WORK REQUEST
Your task is to retype, exactly and without pictures, the line holding "Foto de generación Profesional y PrepaTec" and each line that follows it to the end of the entries.

Web page caption snippets
-- Opening Marker --

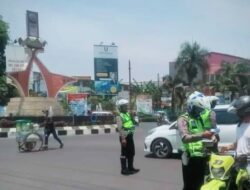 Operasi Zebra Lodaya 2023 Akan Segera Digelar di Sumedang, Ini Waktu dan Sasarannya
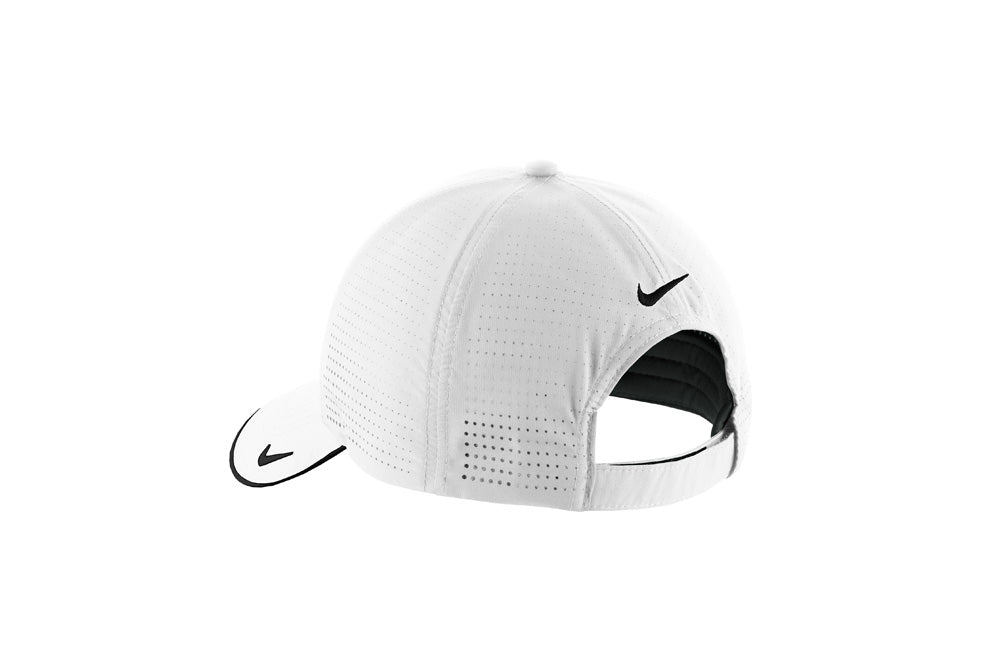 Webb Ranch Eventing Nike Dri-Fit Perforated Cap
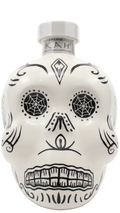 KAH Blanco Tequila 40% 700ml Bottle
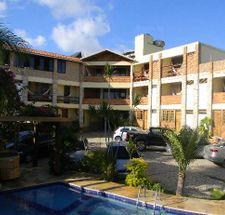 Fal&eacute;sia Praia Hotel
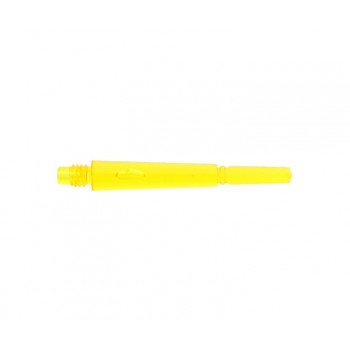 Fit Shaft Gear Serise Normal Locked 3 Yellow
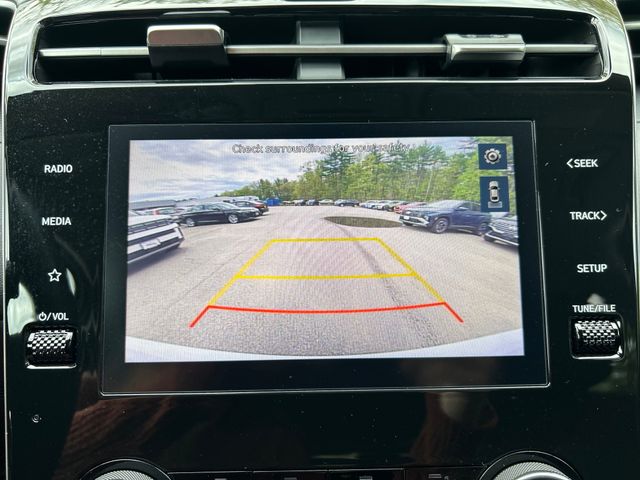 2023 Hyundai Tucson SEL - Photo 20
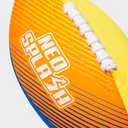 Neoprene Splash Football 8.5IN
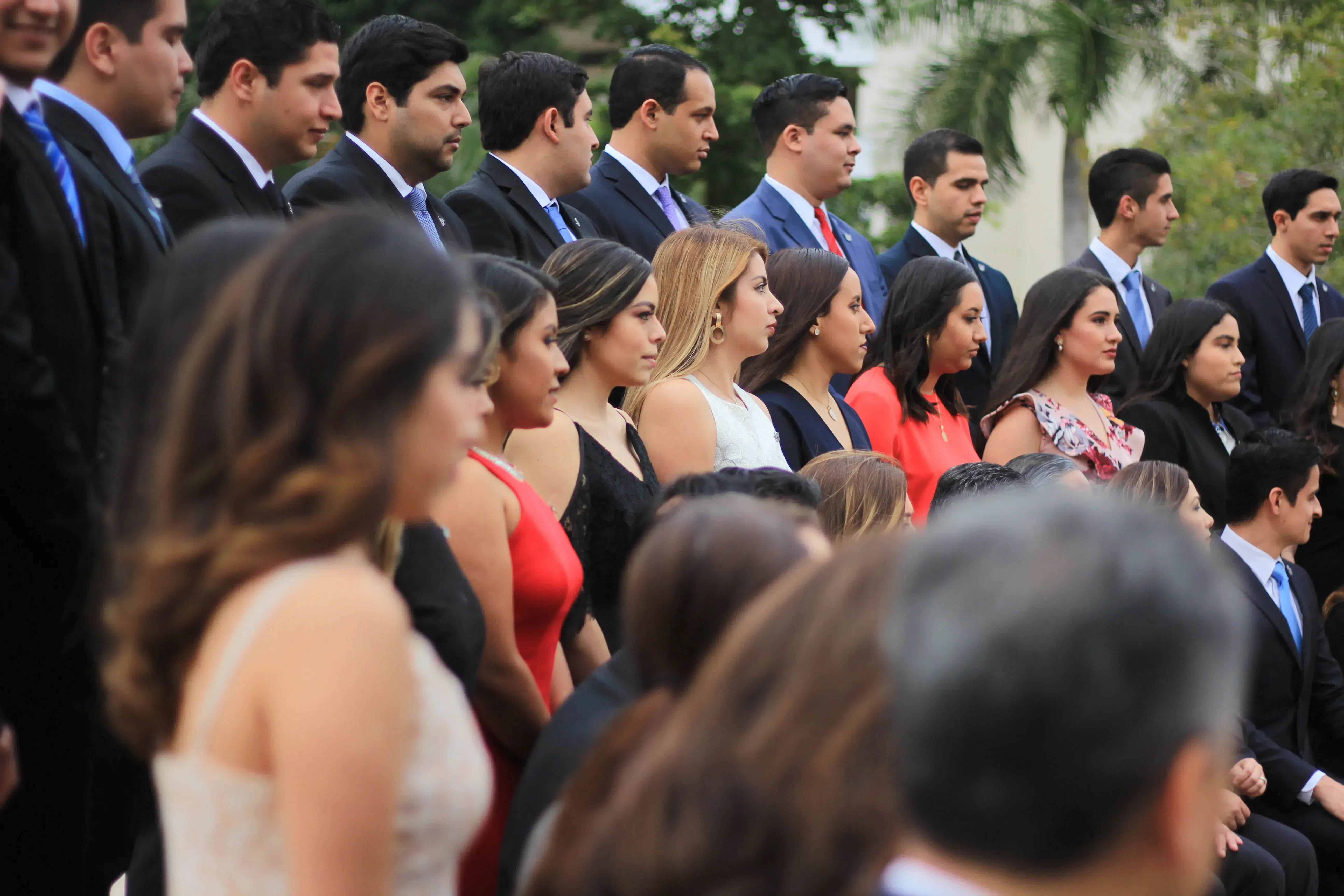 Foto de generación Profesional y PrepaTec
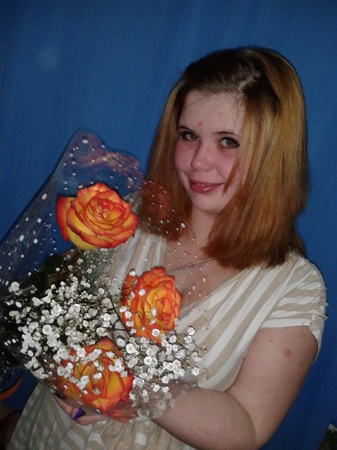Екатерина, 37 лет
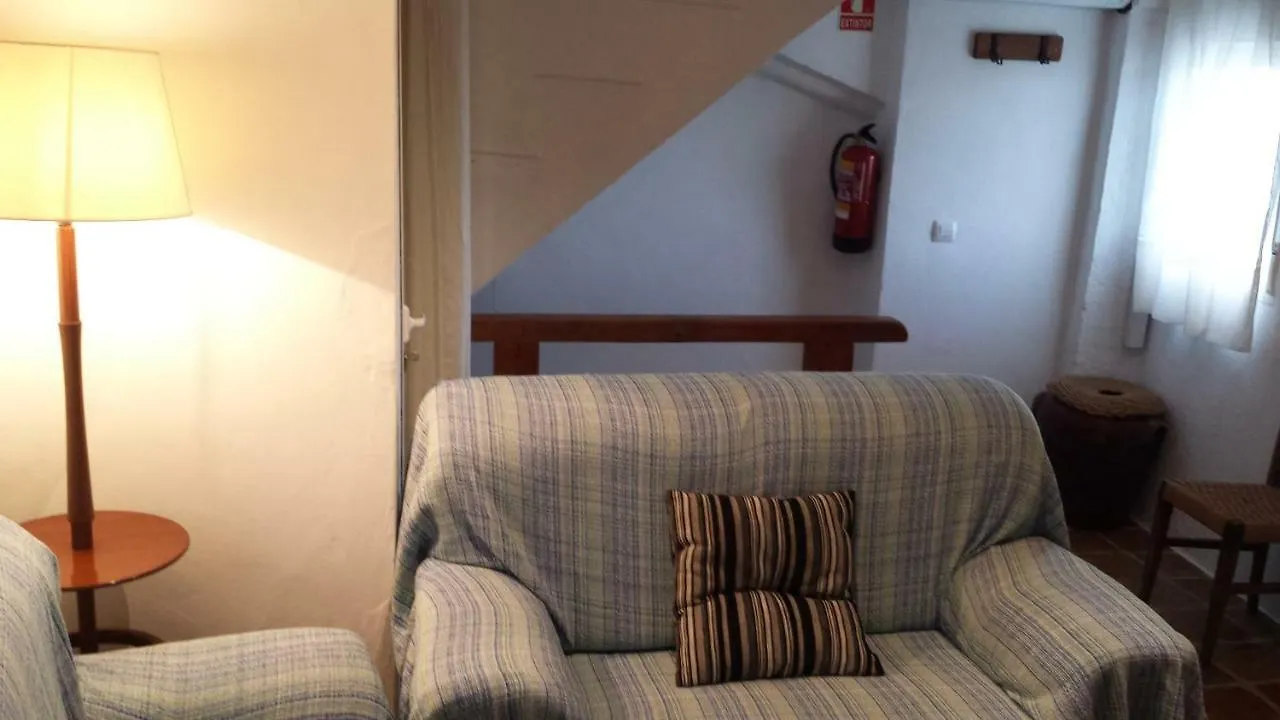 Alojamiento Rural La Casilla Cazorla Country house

-- Closing Marker --

PROBLEM SOLUTION
 Foto de generación Profesional y PrepaTec
Екатерина, 37 лет
 Alojamiento Rural La Casilla Cazorla Country house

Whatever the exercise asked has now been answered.